**What is needed:** Please return the listing exactly as written, but without its pictures.

**Listed records:**
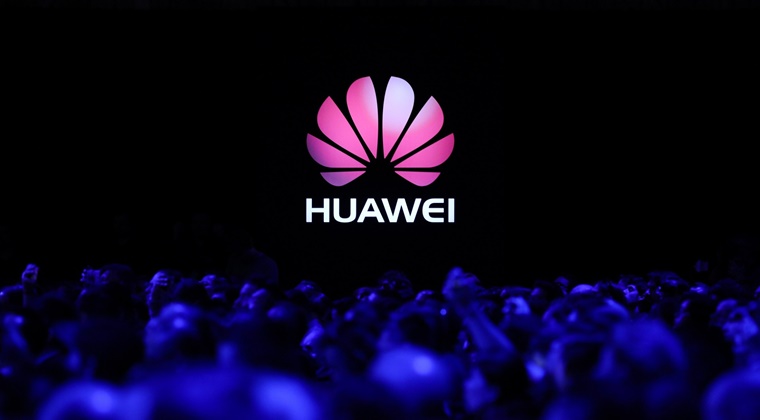 Huawei, Dünyanın En Değerli 10 Markasından Biri Seçildi 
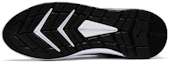 Purchase Puma Escaper Tech ''Bleu Blanc Basse'' 365792-06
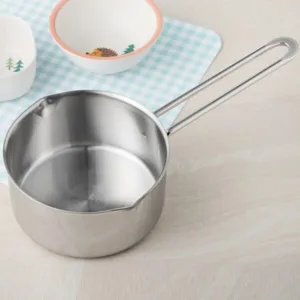 후기좋은상품 밀크팬 추천 상품 10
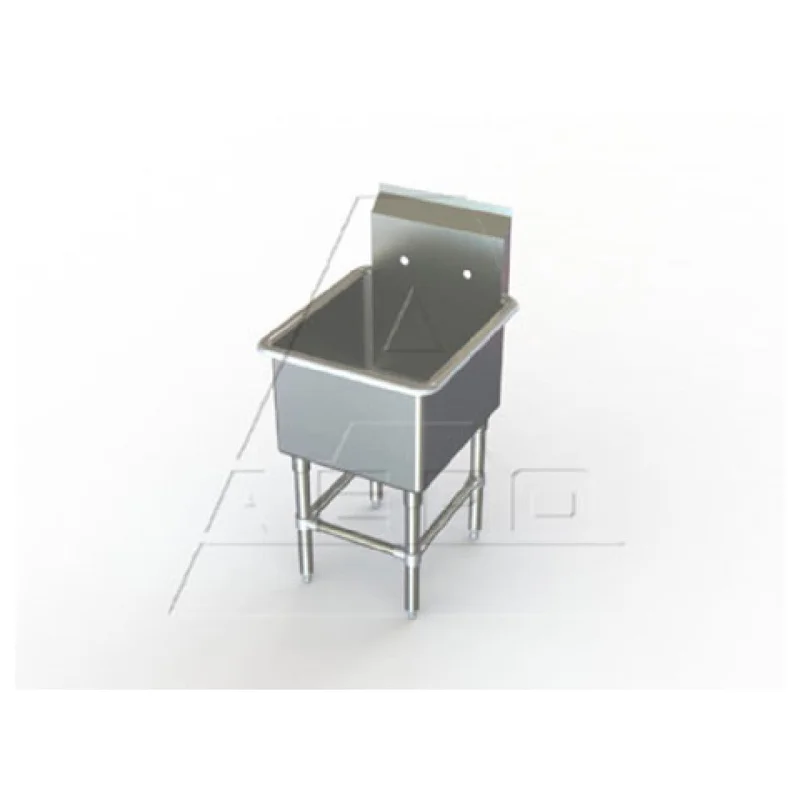 restaurantsupply2166518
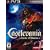 Castlevania: Lords of Shadow Limited Edition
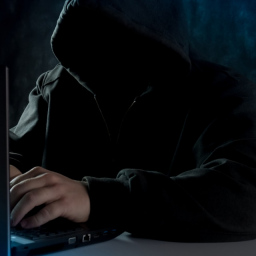Hakerska grupa Qilin preuzela odgovornost za napad na EPS i sada preti kompaniji da će objaviti ukradene podatke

**Answer box:**
 Huawei, Dünyanın En Değerli 10 Markasından Biri Seçildi 
 Purchase Puma Escaper Tech ''Bleu Blanc Basse'' 365792-06
 후기좋은상품 밀크팬 추천 상품 10
 restaurantsupply2166518
 Castlevania: Lords of Shadow Limited Edition
Hakerska grupa Qilin preuzela odgovornost za napad na EPS i sada preti kompaniji da će objaviti ukradene podatke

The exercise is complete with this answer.